Anti-India protests held as fighting flares

Massive protests erupted Sunday in the Indian-controlled portion of Kashmir amid fierce fighting between rebels and government forces that left at least 12 militants and three soldiers dead, officials said.

At least four civilians were killed and dozens injured in the latest round of anti-India protests, which broke out after Indian troops launched counterinsurgency operations targeting mainly the southern parts of disputed Kashmir .

Nuclear-armed India and Pakistan each administer part of Kashmir, but both claim the region in its entirety.

The gun battles — the deadliest this year in Kashmir — began overnight when government forces raided three southern villages following a tip that rebels were hiding there, police said.

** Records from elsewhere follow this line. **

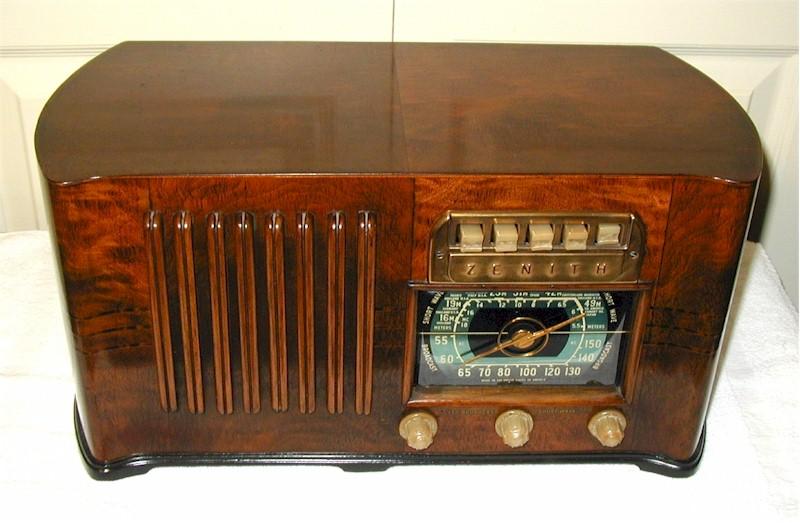 Zenith 6-S-528 (1941)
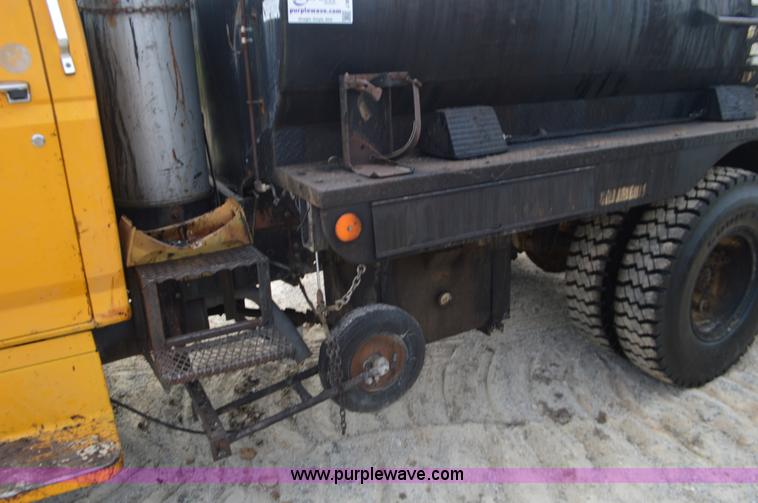 image for item J8695 1985 Ford F800 oil distributor truck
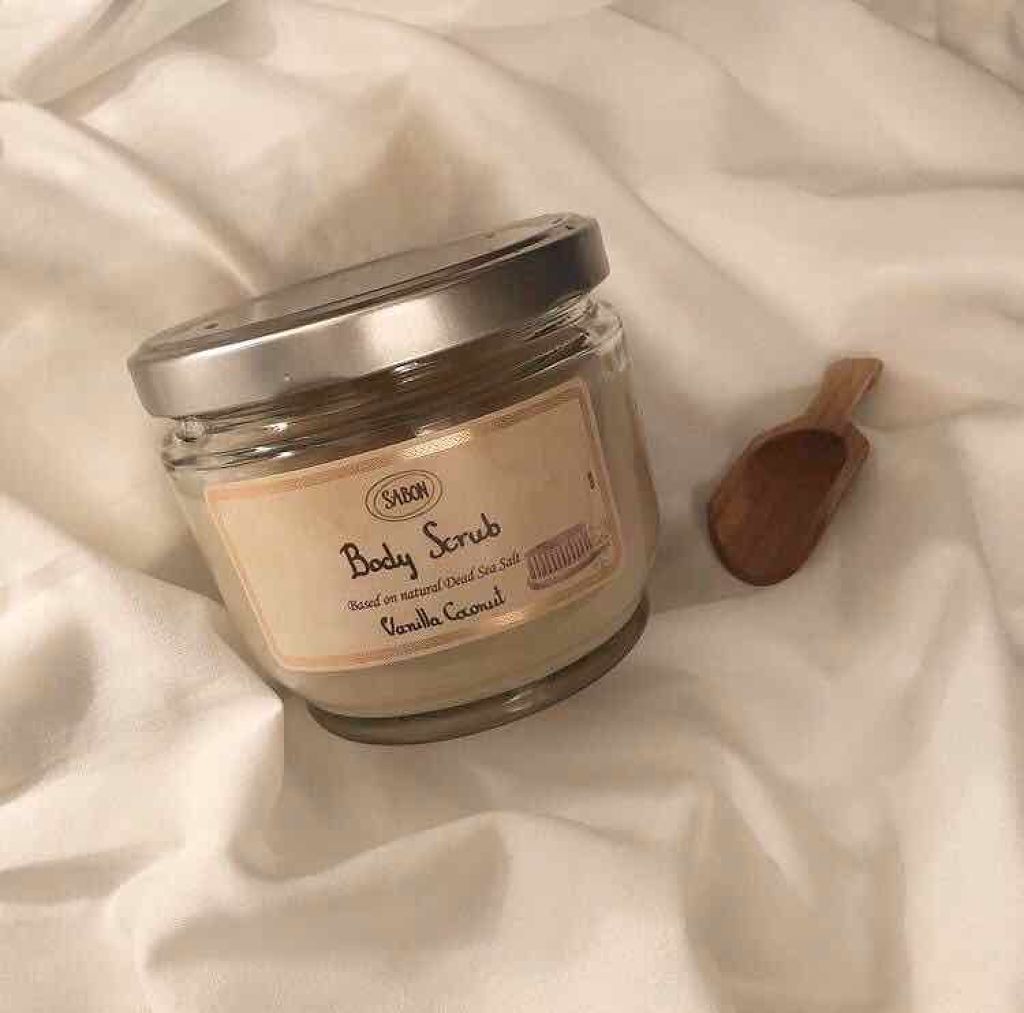 SABONのボディースクラブ
誰かに触らせたくなるくらいお肌が本当にしゅべしゅべふわふわになる、、
私の使ってる香りはバニラココナッツなんだけど甘い香りで癒される🍨♡
けど塩だからすり傷ある時には結構染みて痛い、、
なのでお肌が敏感な方と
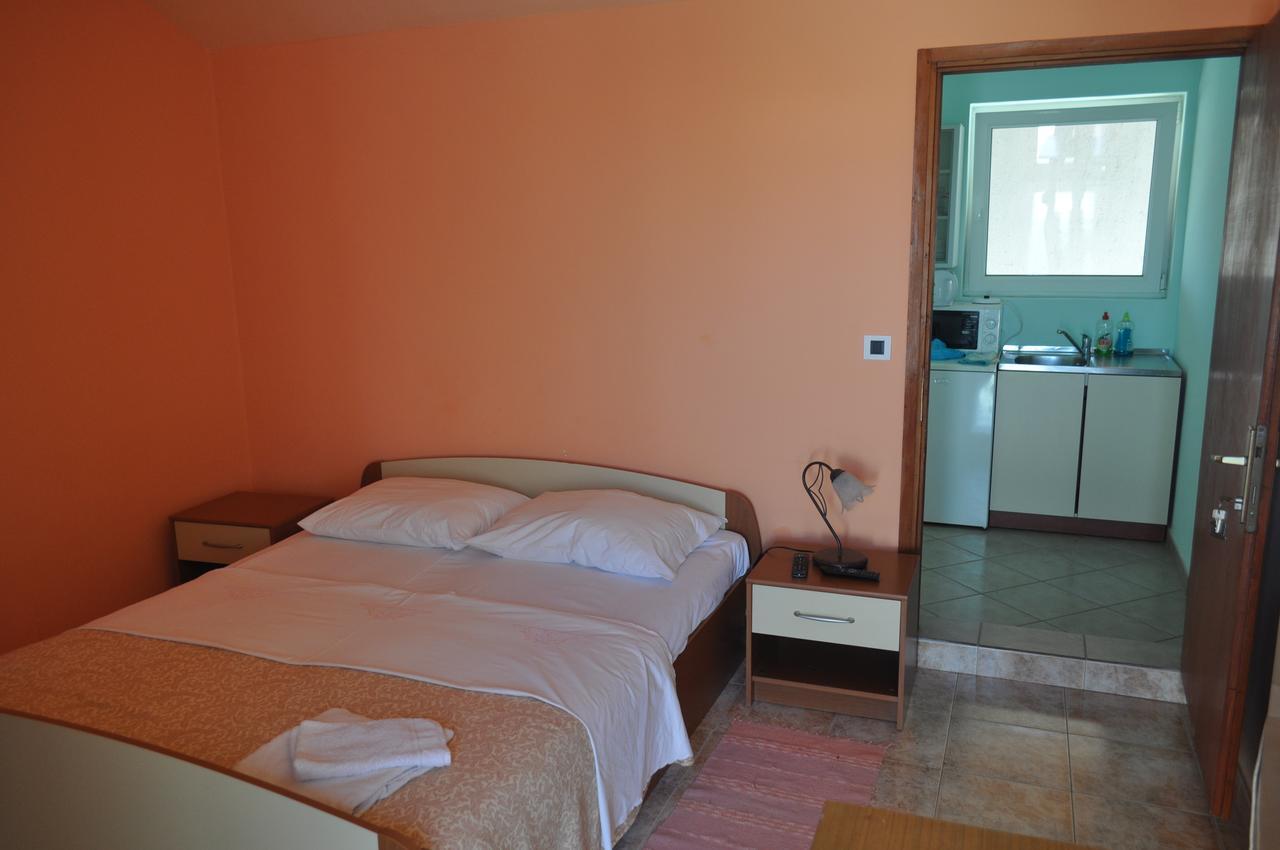 Tri Srca Apartments & Rooms Фунтана Екстериор снимка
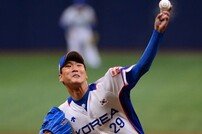 [포토] 김광현 ‘연습경기에도 전력 투구!’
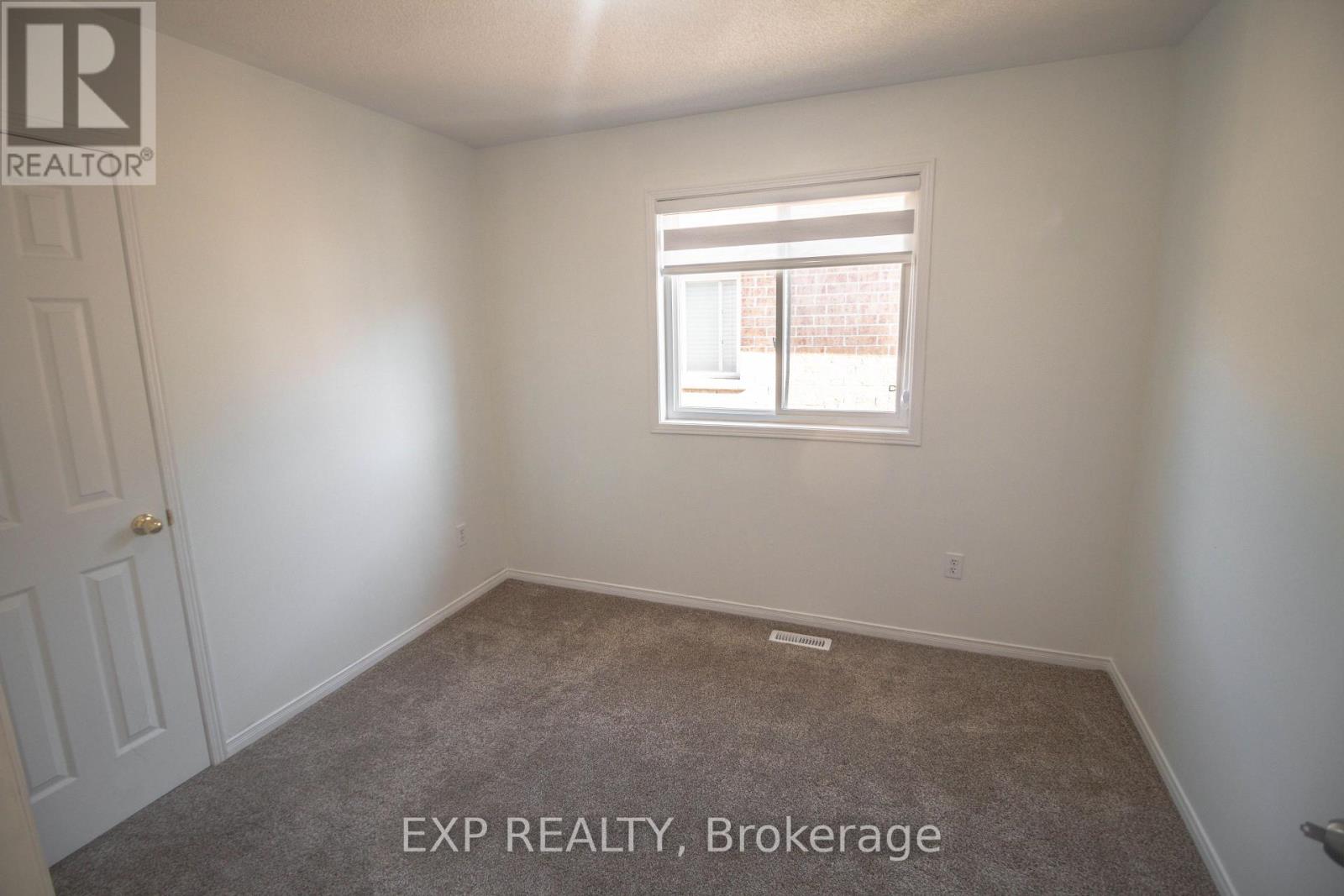 43 Luella Crescent, Brampton (Fletcher's Meadow), Ontario  L7A 3H8 - Photo 15 - W14109326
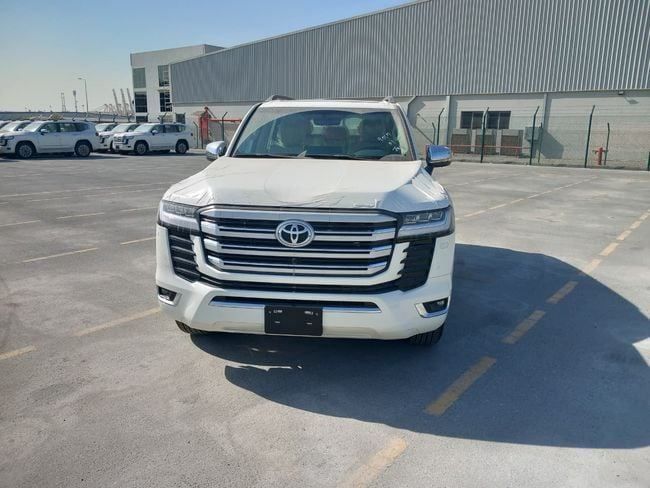 New Toyota Land Cruiser 300 Series, 4.0 l, 2025 in Ajman by MAKKI MOTORS, White color. GCC Specs | AUTO.AE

As the protests erupted, authorities stopped train services and cut cellphone Internet services in the most restive towns. They also ordered curfews in some southern areas.

Officials ordered that all schools and colleges be closed on Monday, while separatists have called for a general strike to protest the killings.

Rebels have been fighting the Indian administration since 1989, demanding that Kashmir be made part of Pakistan or become an independent country.

— Associated Press

Islamist extremists kill 4 African Union troops

Al-Shabab extremists on Sunday launched an attack on a base for African Union troops in southern Somalia, killing four Ugandan peacekeepers, Ugandan Brig. Gen. Richard Karemire said.

Four other Ugandans were injured, Karemire said. At least 22 attackers were killed and the rest were repelled, he said.

The attack started in the morning with two suicide car bombings at the base in Bulo-Marer, a town in the Lower Shabelle region, said Col. Ahmed Hassan of the Somali army.

Nearly 100 fighters then attacked the base, which was occupied by Ugandan troops. The attack was thwarted, Hassan said.

— Associated Press

Remains of Indians killed in Iraq headed home: The remains of 38 Indian construction workers killed by Islamic State militants in northern Iraq were handed over to Indian authorities in Baghdad on Sunday to be flown home. The Islamic State abducted and killed the workers shortly after seizing the northern city of Mosul in summer 2014. Iraqi authorities discovered the remains last year after retaking Mosul and identified the bodies last month.

Space station burns up on reentry: China's Tiangong-1 space station reentered the Earth's atmosphere and burned up over the middle of the South Pacific on Monday, China's space authority said. Beijing said Friday that it was unlikely any large pieces would reach the ground in the scheduled reentry. The 34.1-foot Tiangong-1, or "Heavenly Palace 1," was launched in 2011 to carry out docking and orbiting experiments as part of China's ambitious space program, which aims to place a permanent station in orbit by 2023.